La Gazette

des Comores

Mwana Twamaya ya Mawdu sur le terrain

Mwana Twamaya ya Mawdu sur le terrain © : HZK-LGDC

« Soyez prudentes. Ne vous laissez pas amadouées par leur démagogie. Ils utilisent une pédagogie comme quoi je suis ton oncle, viens ma fille. Et au final, ils nous mangent comme des salades. Pourtant, nous sommes que des gamines ». A seulement 11 ans, Djasmine prend la parole en public et dénonce les viols dont sont victimes les jeunes de son âge.


 

Les agressions sexuelles faites aux femmes et aux enfants ainsi que d’autres actes de délinquance ne cessent d’accroitre ces derniers temps. Dimanche dernier, le village de Dzahadjou dans la région de Hambou et l'association "Mwana twamaya ya mawudu" ont réuni les acteurs de la lutte dont les ONG et institutions pour une sensibilisation sur ce fléau qui inquiète le pays ces derniers temps. Le deuxième adjoint au maire de Hambou Djoumoipanga montre que lutter contre les agressions sexuelles est un combat pour tout le monde. « Notre religion a recommandé de protéger nos enfants afin de les épargner contre ces malfaiteurs.

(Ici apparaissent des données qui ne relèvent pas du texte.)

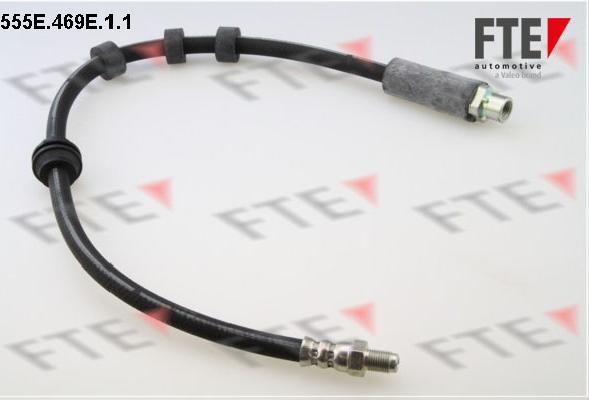 FTE 9240777 - Гальмівний шланг autozip.com.ua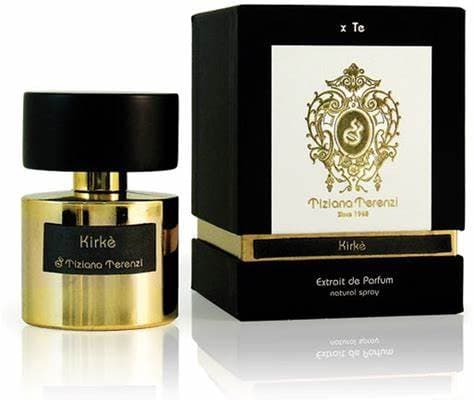 TIZINIA TERENZI  KIRKE EDP 100ML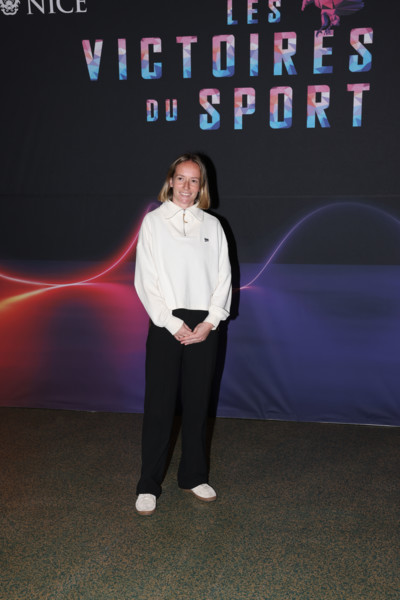 Les Victoires du Sport 2026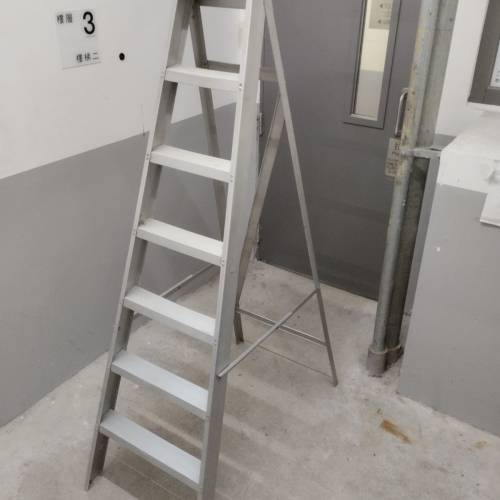 6級鋁梯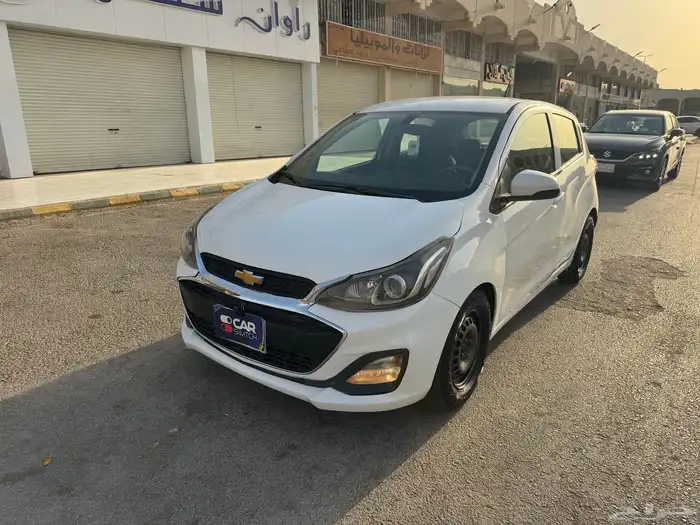 سبارك 2020 2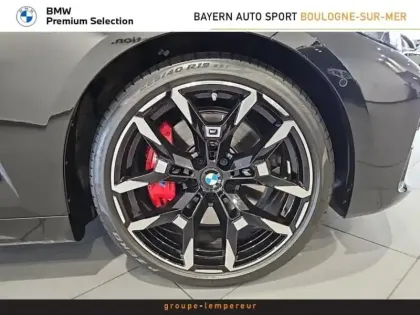 Photo 11 BMW Serie 4 Série 4 Cabriolet 420iA 184ch M Sport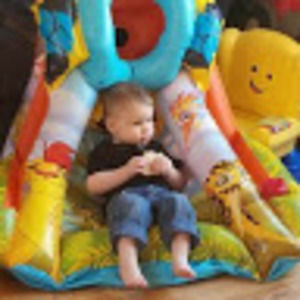 Meet your Posher, Tyler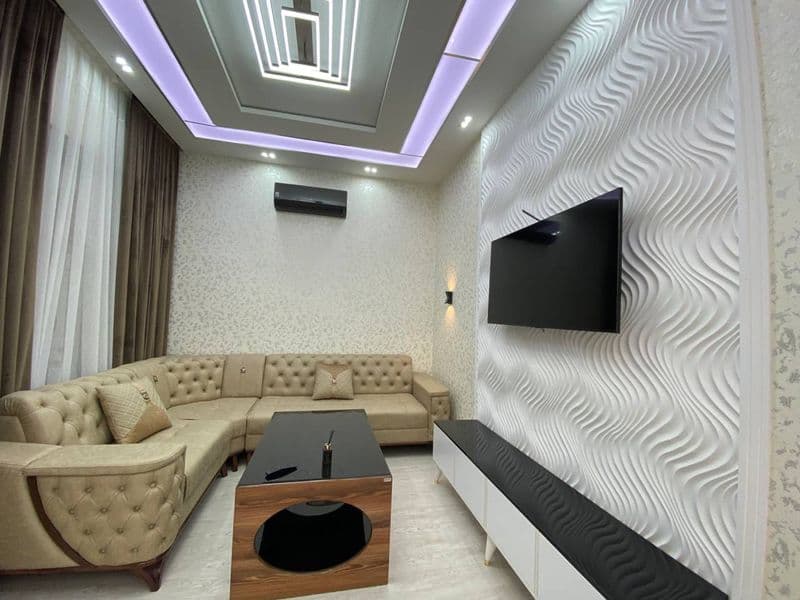 Яккасарай (ключи у меня)<br />
риелторская услуга есть<br /> — фото 2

Il est temps pour vous, les associations, ONG, et le gouvernement d'éradiquer ce fléau », appelle de ses vœux Issa Ibrahim.

 

De son côté, l’association Mwana Twamaya ya Mawudu a tenu à remercier le village de Dzahadjou pour cette initiative. Souanda Adame, membre de cette association promet que l’association fera tout pour vaincre ce fléau. « Le viol est plus dangereux que le Coronavirus. Il est temps de nous retrousser les manches et mener un réel combat contre ce fléau », dit-elle, avant d’ajouter que « pour y parvenir, nous demandons le soutien des parents. Il faut à tout prix qu’ils surveillent bien leurs enfants ».

 

Quant à la représentante de la brigade des mineurs, elle montre que les agressions sexuelles sur mineurs sont devenues monnaie courante dans le pays ces derniers temps et cette situation préoccupe tout le monde. « Pour pouvoir éradiquer ce fléau, il faut le soutien de tout le monde. Une fois l’acte commis, il faut le dénoncer. Il ne faut jamais protéger ces pervers quelle que soit la personnalité dans le village car nos adolescents méritent une vie meilleure pour avoir un avenir meilleur », indique Abdou Natidja Omar.

 

Pareillement, Mdradabi Mzairani, responsable du Service d'écoute de Ngazidja, montre à son tour que « cette journée signifie l'importance de ce combat qui est la lutte contre les agressions sexuelles faites aux mineurs. Ça montre également combien on veut éradiquer ce fléau. Je vous promets qu’ensemble nous pouvons gagner cette bataille ».

 

A la fin de cette sensibilisation, une jeune fille de 11 ans a tenu à adresser un message aux autres fillettes comme elle. « Soyez prudentes. Ne vous laissez pas amadouées par leur démagogie. Ils utilisent une pédagogie comme quoi je suis ton oncle, viens ma fille. Et au final, ils nous mangent comme des salades. Pourtant, nous sommes que des gamines. Il est temps que ça cesse », prévient Djasmine Moumine. Elle a saisi l'occasion pour appeler tous les adolescentes et adolescents à dénoncer ces pervers une fois qu'ils tenteraient de passer à l’acte.